Housing benefits – helping the poor or the rich?

What would people do if the politics was really boring? Maybe something useful. Like playing rugby, sailing, or farming (New Zealand has an exceedingly boring politics).

No such luck here in the UK. About a month ago, one of the hot themes was Coalition government cutting the housing allowances. That is, some people get a benefit from state to support them in the place they rent. This is going to be (if Dave Cameron has his way) cut down to max 400 per week (for five bed house). The new maximum for 2 bed – 290 per week doesn’t get you much in London.

On one hand we have here our Daily Mail readers, brandishing the examples of unemployed who live in 2,000 per week Kensington flats, courtesy of hard pressed UK taxpayers.

On the other hand, we have a variety of people, including the inestimable Boris Johnson, who suspect that what Dave would really like to do is to give Daily Mail readers Kalashnikovs, send them for quick field trip to Kosovo to learn about ethnic cleansing and then let them check Kensington flats for any unemployed on housing benefits.

As per usual, both sides are a bit right, and use it to push their entirely wrong agendas.

For a start, we can say that there are few groups of people here. First, we have genuine social cases, such as a pensioner with no family living in an area that got (recently, from his/her perspective) gentrified. Or people who have a temporary problem and HA just lets them bridge it. I think most people would have no problems to pay them a bit more in cases like these. The term is limited, and we think they “deserve” the help.

On the other extreme are another group who are “structurally” unemployed. Not employed, and have not much interest in being employed. As for myself, I struggle to find a good reason why, if we are going to support them, we should support them in London as opposed to say Orkneys.

In between is probably a very large group that can’t make ends meet with their (low) income and (very high) housing/living costs in London. As usual, I have an Unreasonable Response to their situation.

That is, the housing benefit is actually hurting them. Why? Well, think about it. You can’t make the ends meet, because you are paid the minimal wage, so you get extra money from the government. Now think, what would happen if they left London?

There are two possible scenarios.

One, their job is actually needed! The fat-cat Londeners would find out that their minimum-wage (or even less) cleaner/nanny/whatever is suddenly not there! Well, maybe if they want to continue using them, they have to pay them well enough to be able to live in London? You don’t pay, you don’t get. At the moment, you can think of the housing benefit to working families as a subsidy so that rich Londoners can have cheap cleaning.

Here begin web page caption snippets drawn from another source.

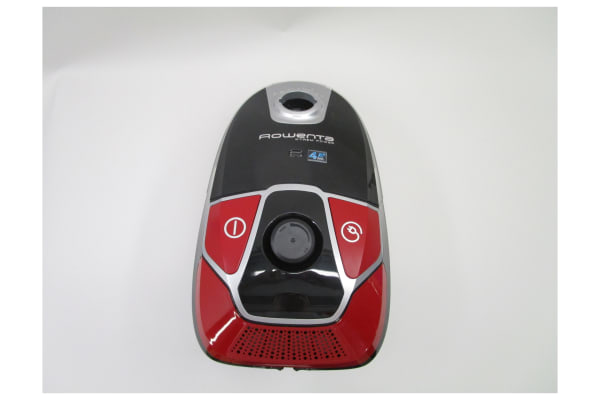 Rowenta - RO6883EA X-Trem power 4A+ - 3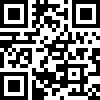 https://khabaronline.ir/x7KnT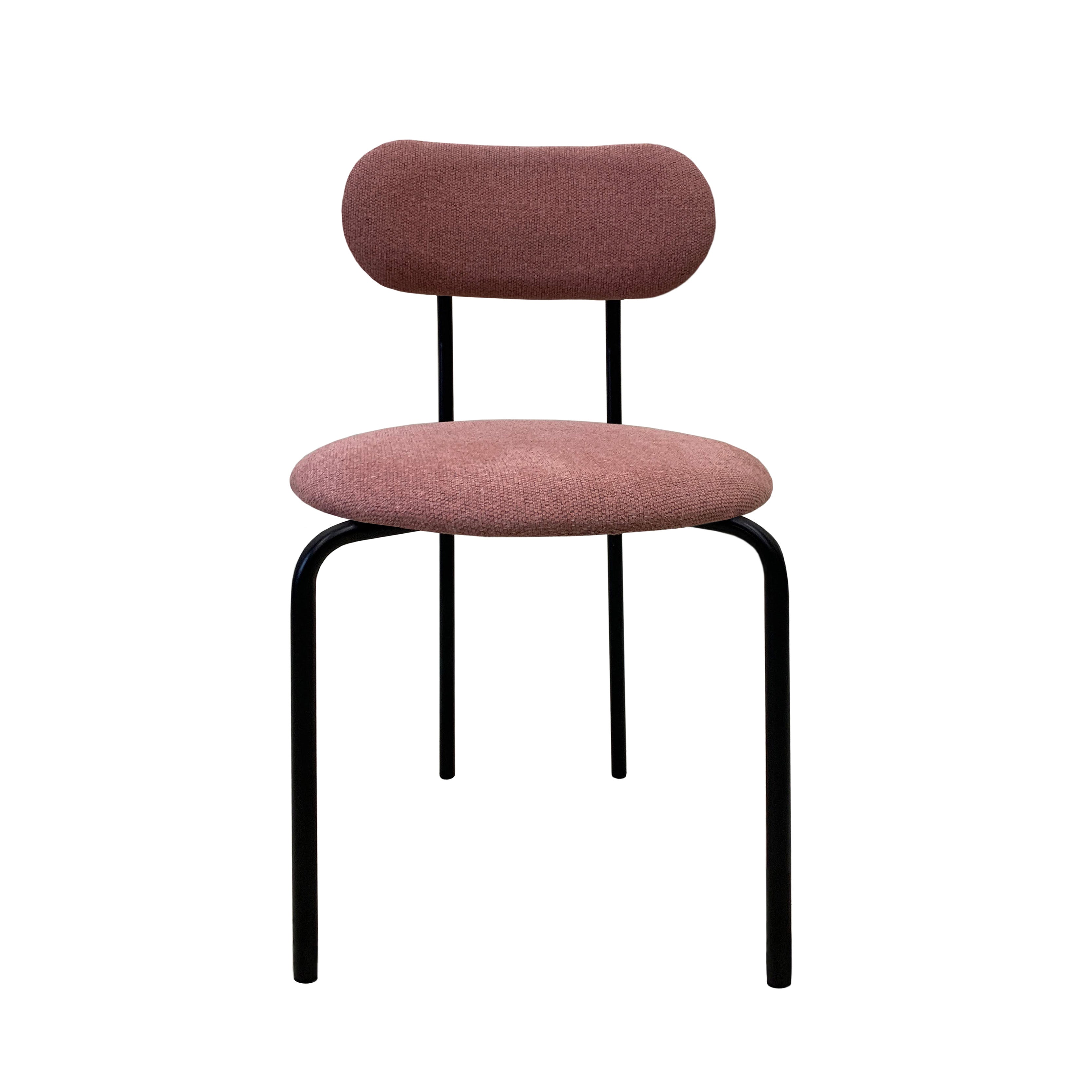 Стілець Stool 5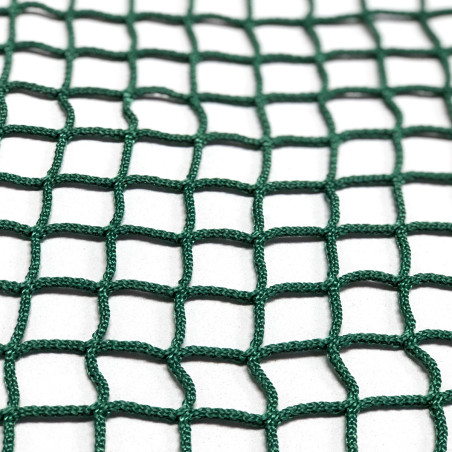 Red de prácticas de Golf para Golpeo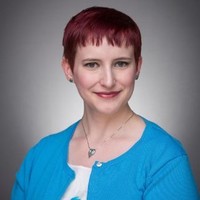 Progressive Insurance Employee Dana Bach's profile photo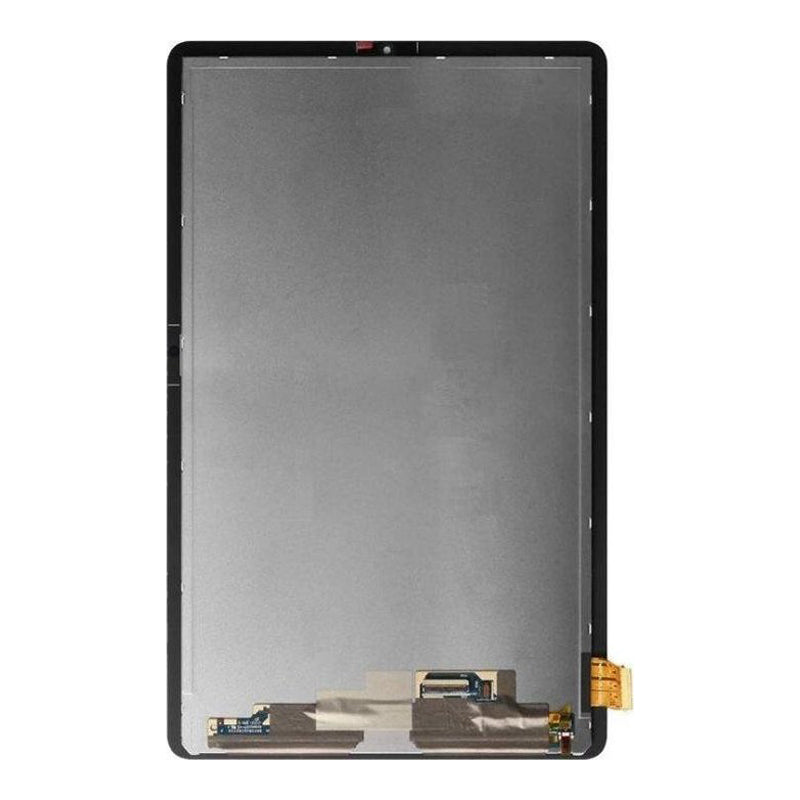 Original Samsung Tab S6 Lite LCD and Touch Screen Digitizer Replacement for SM-P610/P615 - Fix Cracked or Damaged Display - Perfect for Work, Study, and Entertainment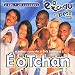 E O Tchan - E O Tchan De Beto Jamaica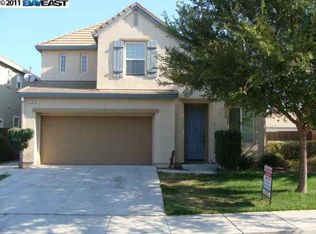 2761 Shofield Ln, Tracy, CA 95377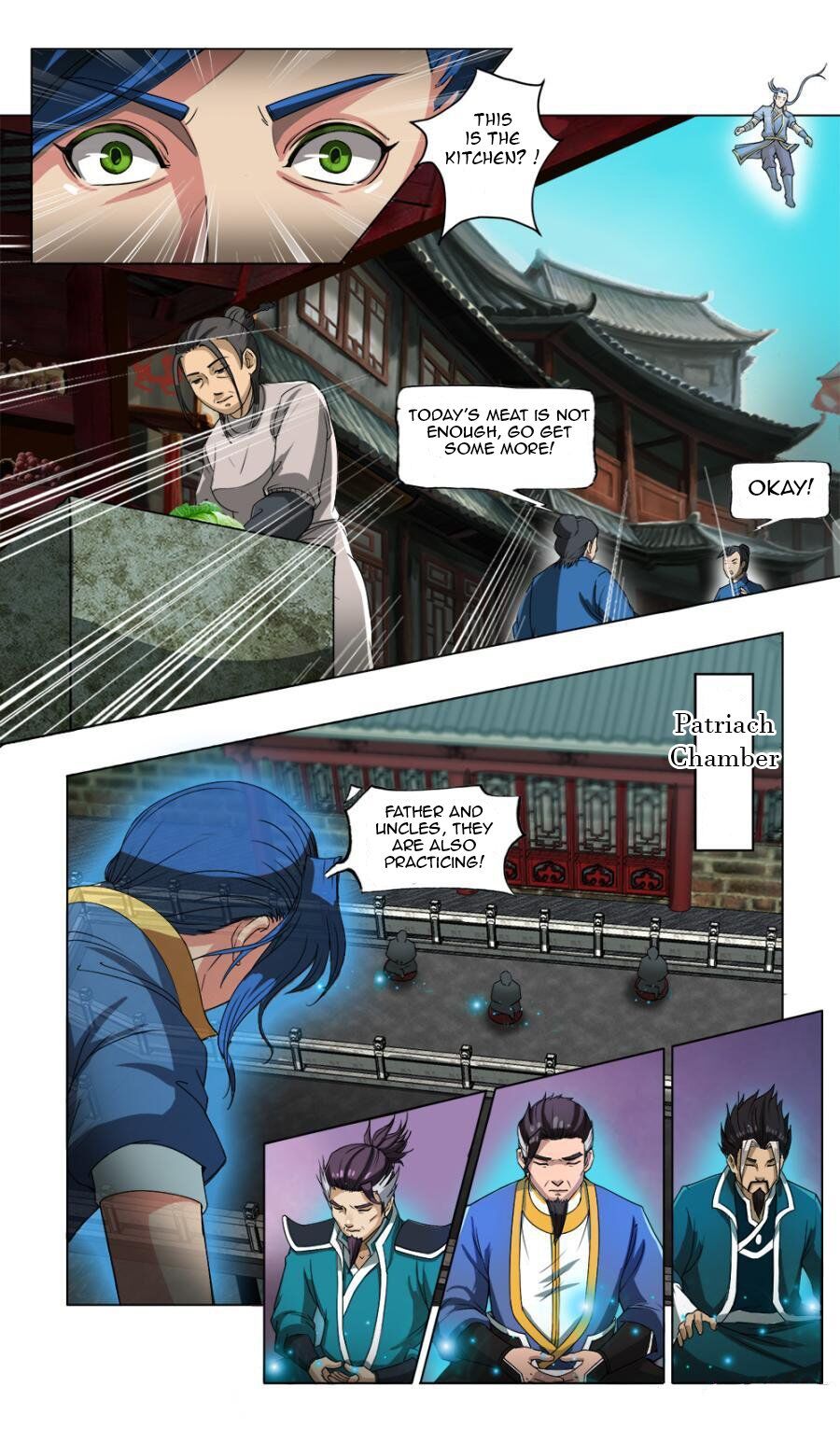 Page 10 of Chapter 16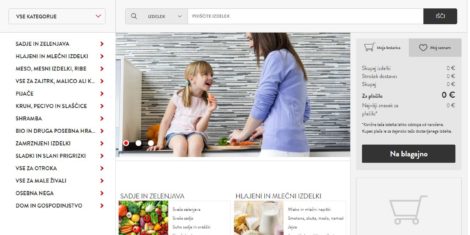 spar-online-spletna-trgovina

Or, their job is not needed – in London. Chances are, that the job is needed somewhere else – and almost by definition, if you are on a minimum wage, your money will got further anywhere outside London (there not being many more expensive places in the UK). So you will be – at least financially – better off.

But that is not the only benefit. The flat you had can now be rented by someone who is not subsidized, which by definition means they have higher salary. Before they could not work in London (by definition – you paid market rents, which means someone else was after your flat). Chances are that they had lower salary before they moved to London – moving to London just to be able to spend more is a bit perverse, unless you are a Russian oligarch.

So, you’re at least no worse off (financially), possibly better off. Someone else is better off, and, importantly, they pay HIGHER taxes (higher salary = higher taxes).

In one go,:
– you have more money to spend (or better place/less commute/etc for the same money)
– government saved money by spending less on the housing benefit
– got more money in taxes (which can be used to say improve your lot again).

Q.E.D. In either case, people on housing benefits are better off (or at least no worse off) than before, even without housing benefit.

Instead, we make it so that their wages don’t go up to a decent living standard, and tie them down to the life of living from hand to mouth.

Of course, the above does not take into account things like “I used to live here, it’s what I know, I want to live here”. True. But people who don’t get housing benefit have the same problem – and does anyone look after them?
Is it fair that a family with a marginally higher income, that doesn’t qualify them for HA, has to move from an area where they lived for years in search of jobs, but their single neighbor, who’s poorer, doesn’t have to?